Today I want to tell you about an approach for functional programming in R – and then apply it to studying population growth!

I have been studying some of the purrr functions lately. They are a useful family of functions for performing two common tasks in R: manipulating lists and altering the behaviour of functions. If you’d like a high-quality guide to this group of functions, set aside some time to work through Jenny Bryan’s excellent tutorial and Hadley Wickham’s chapter on Lists.

I was inspired to write this post after reading This StackOverflow question by jebyrnes. He asks:

I want to simulate a timeseries of something like population growth. […] I feel like there has to be a dplyr or tidyverse way to do this (as much as I love my for loop).

and there is! An answerer mentioned purr::accumulate(). In this post I’m going to expand on the approach they suggest. accumulate, and its twin reduce, are examples of functionals – functions that take functions as their arguments, and manipulate their behaviour in some way. purrr::accumulate is a wrapper around to Reduce from the base package, with the argument accumulate = TRUE.

accumulate is normally used when you want to do some cumulative function all along a vector. For example, we can reproduce the cumulative some of a vector like this (same output as cumsum(1:10))

library(purrr)
## Warning: package 'purrr' was built under R version 3.4.2
accumulate(1:10, ~ .x + .y)
##  [1]  1  3  6 10 15 21 28 36 45 55

.x and .y here are just a handy way of writing “the first thing” and “the second thing”. Then accumulate goes down the vector 1:10, and takes the first thing (1) adds it to the second thing (2) and so on….

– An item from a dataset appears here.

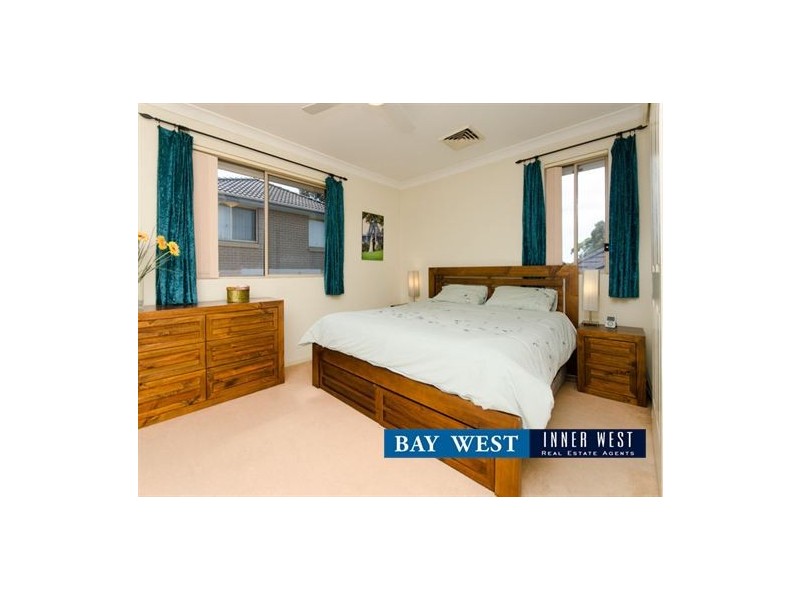 14/65-71 Underwood Road, Homebush NSW 2140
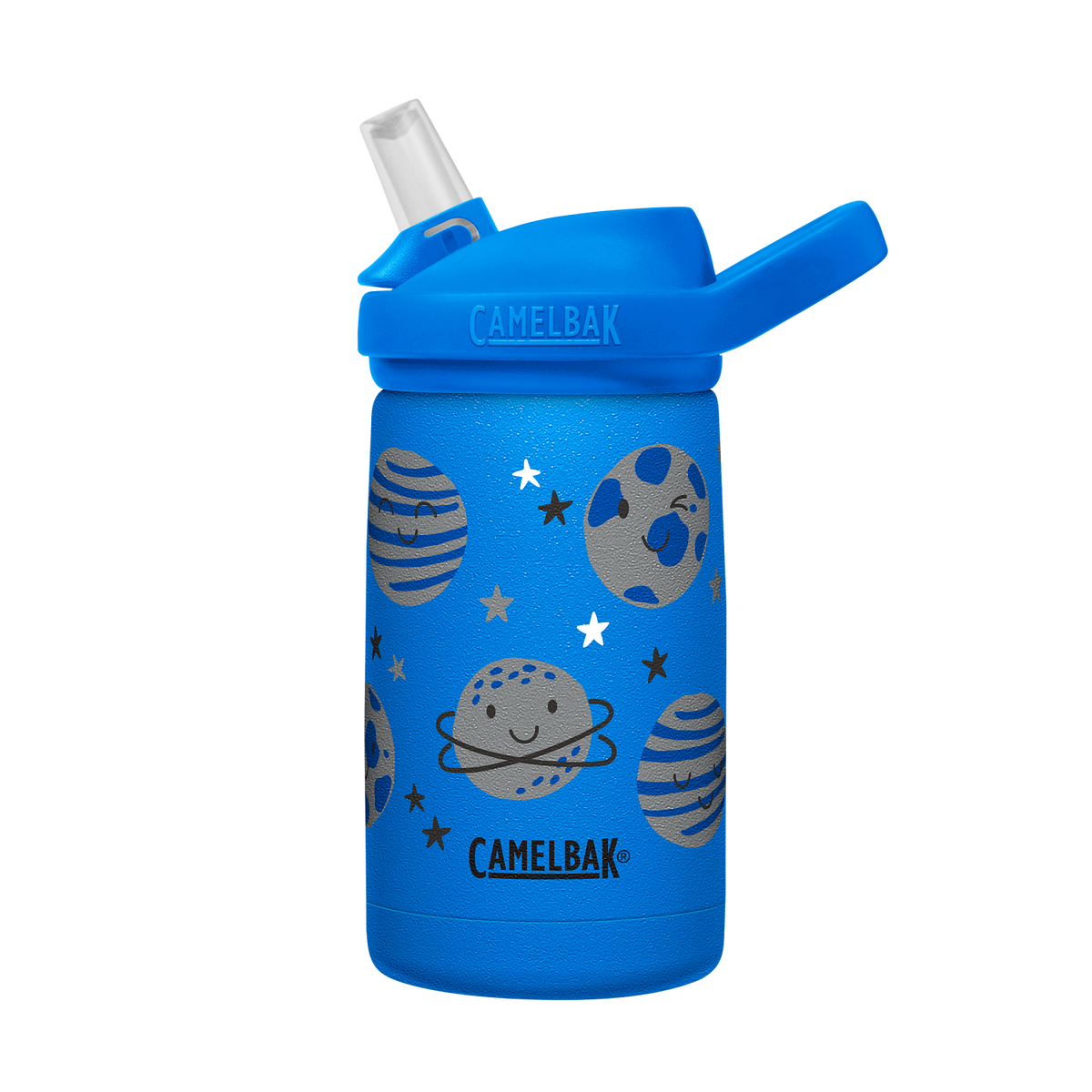 eddy-kids-12-oz-bottle-insulated-stainless-steel-v9 g8jnmjbsgz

However, this is not the only way it works! accumulate can take an initial value (.init) and can work on a dummy variable. If its starting function does nothing but modify an element, it will just keep modifying it: so instead of f(1, 2), f(f(1, 2), 3) we get f(.init), f(f(.init)) etc:

dummy <- numeric(10)
dummy
##  [1] 0 0 0 0 0 0 0 0 0 0
accumulate(dummy, ~ .* 1.5, .init = 50)
##  [1]   50.0000   75.0000  112.5000  168.7500  253.1250  379.6875  569.5312
##  [8]  854.2969 1281.4453 1922.1680 2883.2520

Clearly, the 0s are not involved in any calculation (the answer would be 0!). instead, you just get the starting value multiplied by 1.5 each time!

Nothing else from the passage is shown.